The whole situation was intensified during the years when corruption reached its greatest heights by the conditions ensuing upon the discovery of gold in California. The port of New York welcomed ships from the west coast bringing gold, and ships from across the Atlantic bringing immigrants. The “bulge” in the curve of immigration from Great Britain and Ireland, Germany, and Scandinavia in the period 1849–54 undoubtedly represents preponderantly the reaction abroad to the tales of gold to be found on the street corners of America.

And the immigrant stepped into an atmosphere of corruption in every field—including politics. The whole country was more or less money mad. The effect of the gold craze, as Myers (page 154) says, “was a still further lowering of the public tone; standards were generally lost sight of, and all means of ‘getting ahead’ came to be considered legitimate. Politics, trafficking in nominations and political influence, found it a most auspicious time.”

VAST NATURALIZATION FRAUDS

It is hard to realize now the public attitude of those old days on the subject of naturalization. There was a fabulous amount of virgin territory to be opened; new communities needed population, and especially muscle labor; lavish inducements, including the right to vote, were held out to anything in the form of a man who could be brought to help in the task. It was many years before citizenship came to be regarded as a precious thing, to be guarded with scrupulous vigilance. And as both of the great political parties were guilty of crimes against the ballot box, it was taken for granted that they were inevitable in politics.

The vexatious technicalities which now seem so unjust to many an applicant for citizenship are, after all, only reaction at the other extreme to the incredible laxity which characterized the process in the early years. The population of what was then New York City was only 515,547 in 1850; 813,669 in 1860; and 942,292 in 1870; but in the eight years, 1860–67, inclusive, more than 67,000 aliens were naturalized in that city alone. The naturalizations in New York City in each year from 1856 to 1867, inclusive, in only two courts—the Superior Court and the Court of Common Pleas—an average of more than 9,000 a year is shown in the following table:

TABLE II

Number of Aliens Naturalized Each Year from 1856 to 1867 in Two Courts in New York City{1}



Year Number

1856 (Presidential election) 16,493
1857 8,991
1858 6,769
1859 7,636
1860 (Presidential election) 13,556
1861 3,903
1862 2,414
1863 2,633
1864 (Presidential election) 12,171
1865 7,428
1866 13,023
1867 15,476


note 1: John I. Davenport, The Wig and the Jimmy, p. 12.

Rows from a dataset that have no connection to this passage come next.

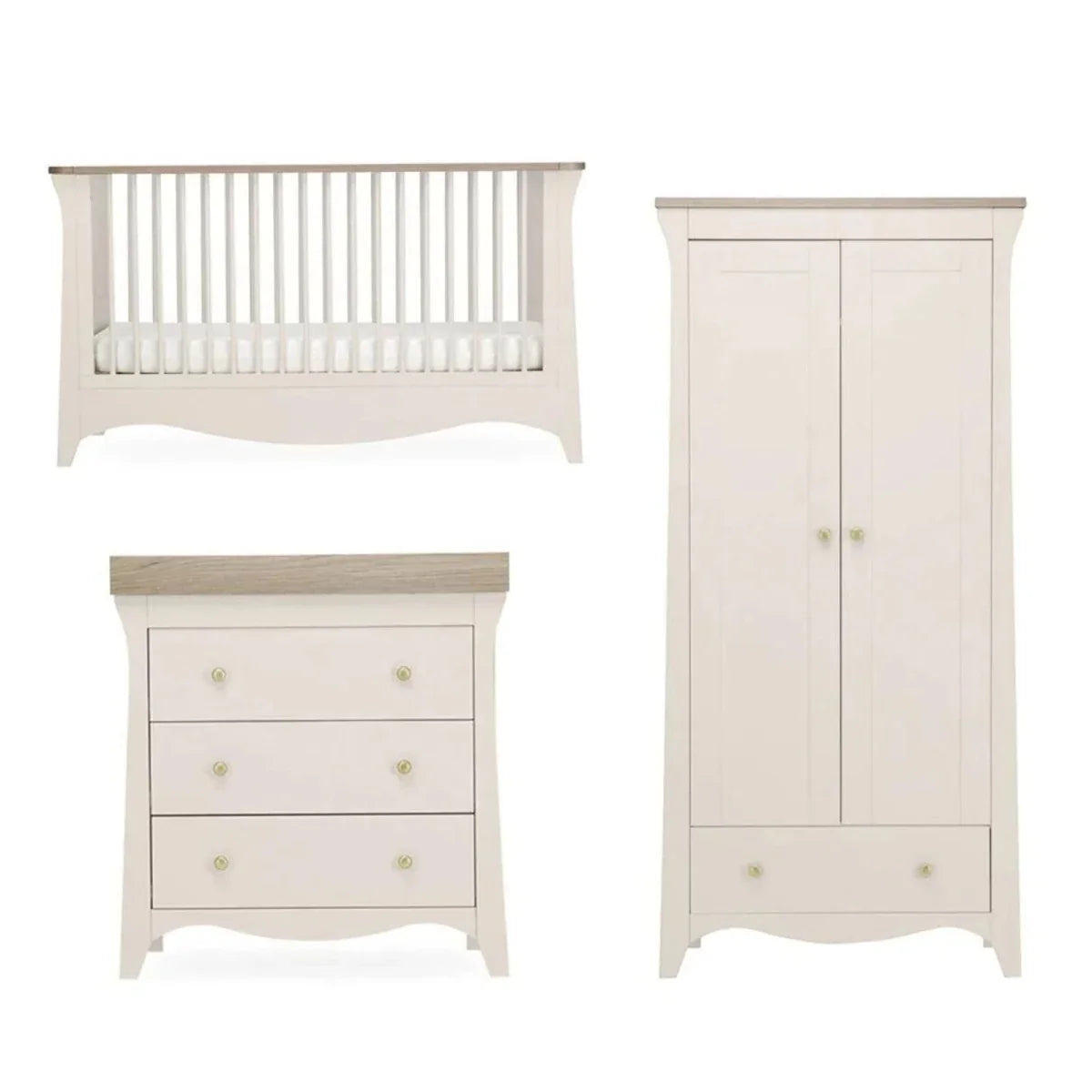 CuddleCo Clara 3 Piece Nursery Furniture Set - Cashmere & Ash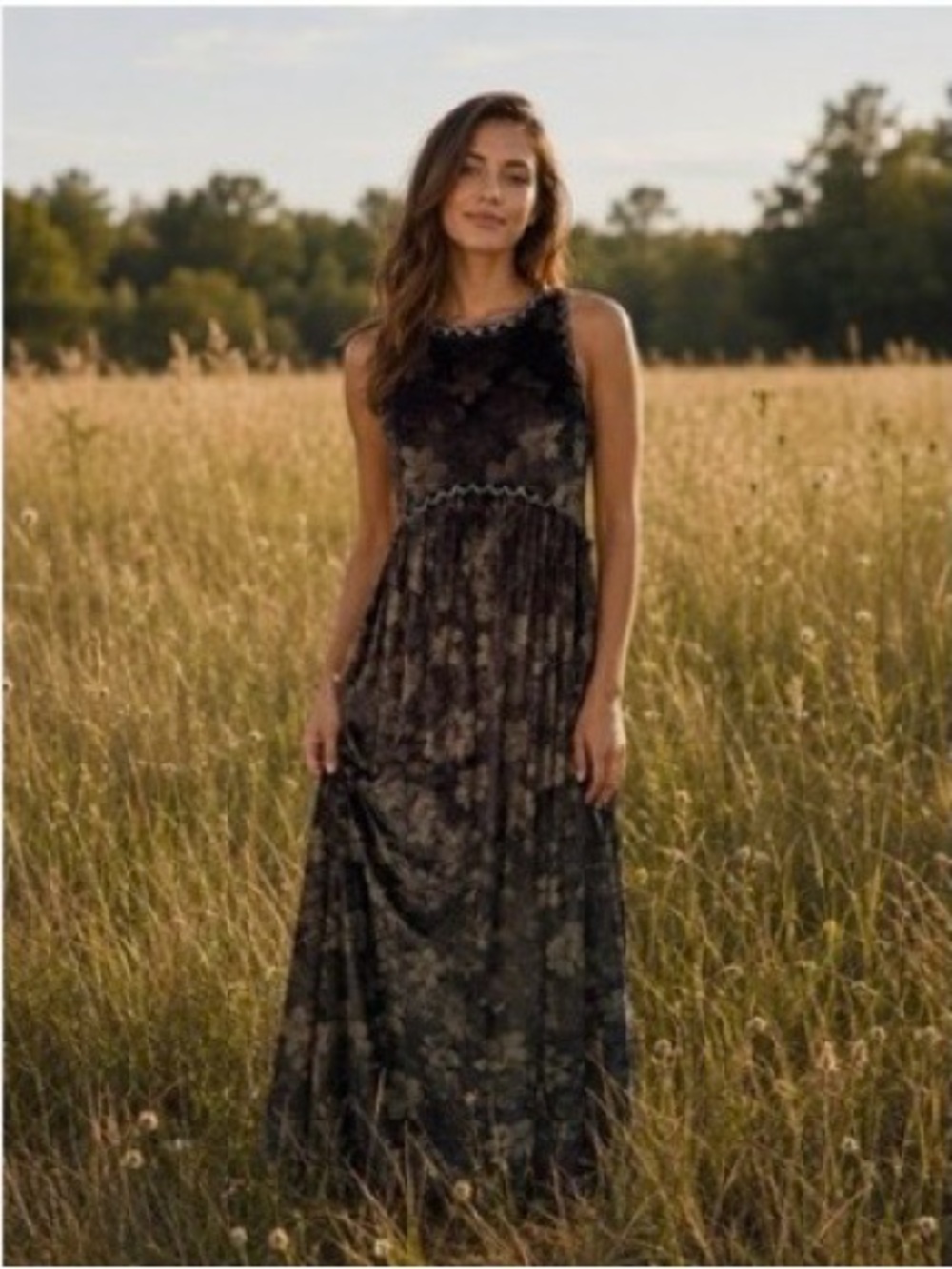 New: POL “Velvet Burnout” Floral Lace Trim Boho Maxi Dress• Large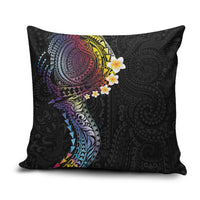 Hawaiian Tribal Tattoo and Plumeria Pillow Cover Polynesian Pattern Rainbow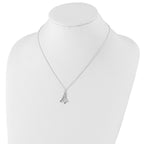 Sterling Silver Polished Christmas Tree Necklace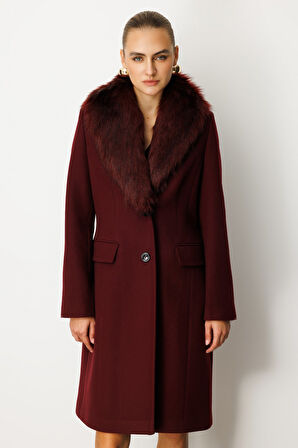 Ekol Kadın Yakası Kürklü Kapak Cepli Kaban 6065 Bordo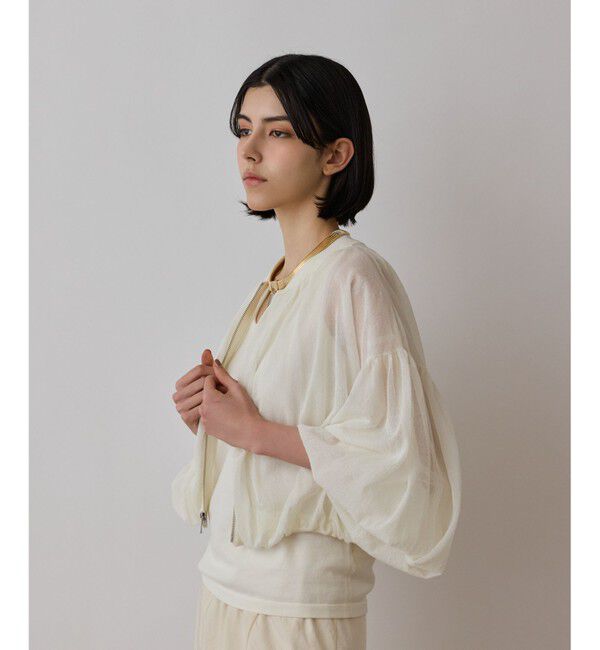 GRACE CONTINENTAL「シアーニットバルーンジャケット」|ブルゾン・スタジャン|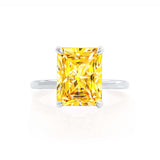 PARIS - Chatham® Radiant Yellow Sapphire & Diamond 18k White Gold Petite Hidden Halo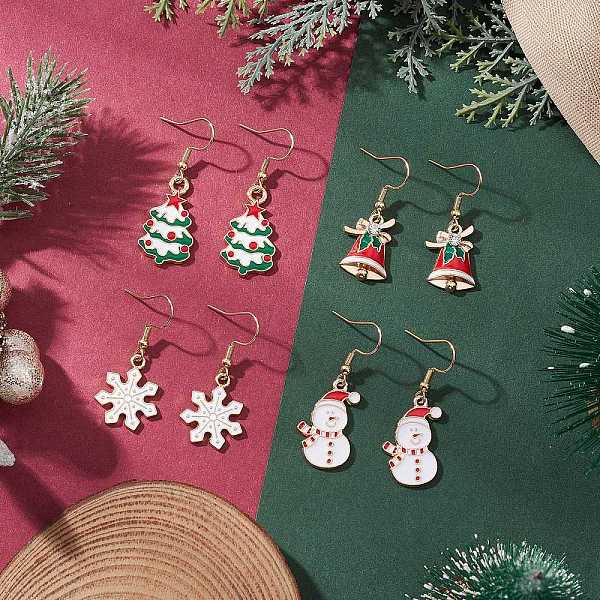 4 paire de boucles d'oreilles pendantes en alliage émaillé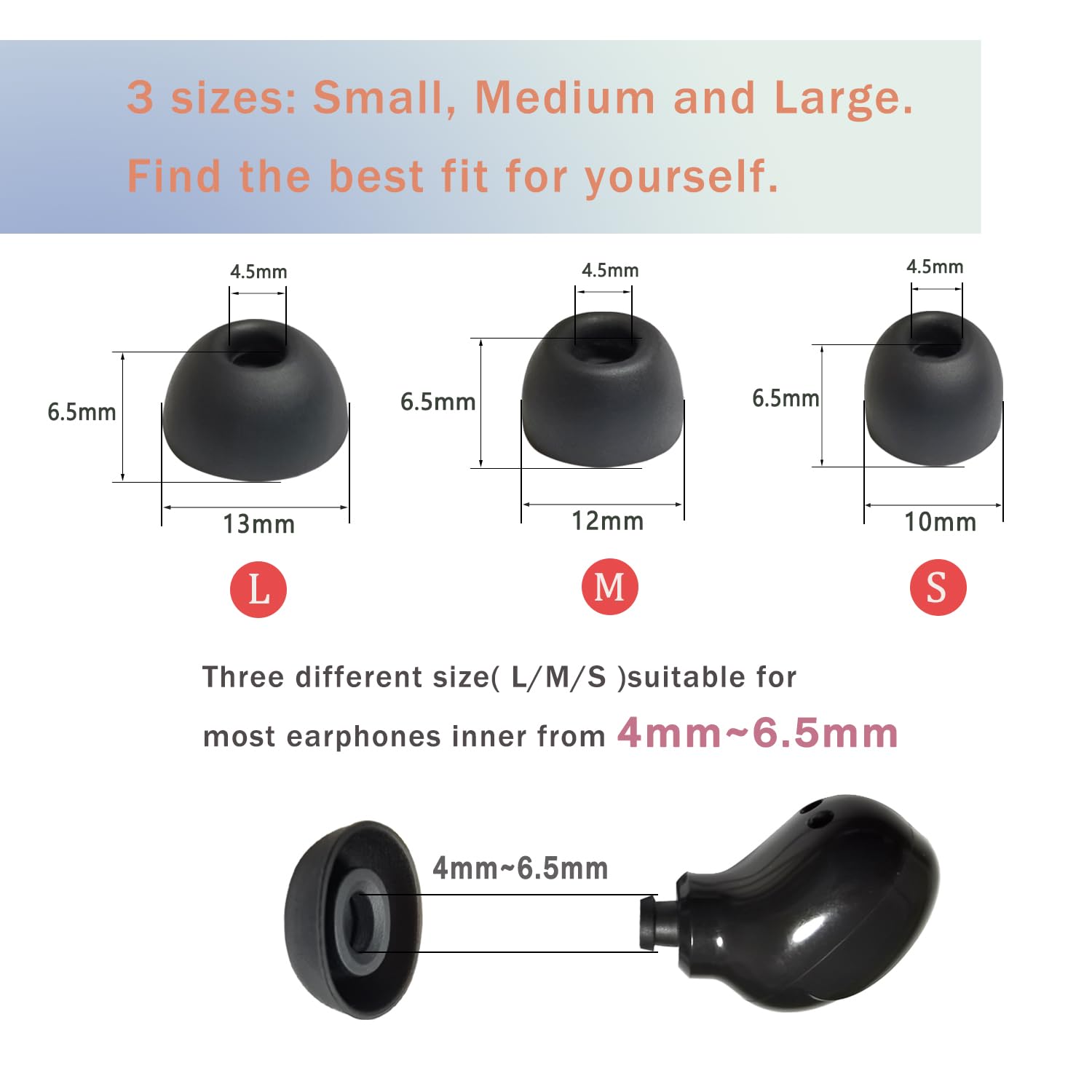 Lot de 6 paires d'embouts ovales en silicone pour écouteurs sans fil - Diamètre intérieur : 4 mm - Noir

These figures are taken from a curious pamphlet, published in 1869 by John I. Davenport, who was United States Commissioner and Chief Supervisor of Elections for the Southern District of New York, under the cryptic title, The Wig and the Jimmy, which tells in detail the story of the debauching of naturalization by these two courts. The year 1868, however, saw the scandal reach unprecedented heights. Says Mr. Davenport:[10]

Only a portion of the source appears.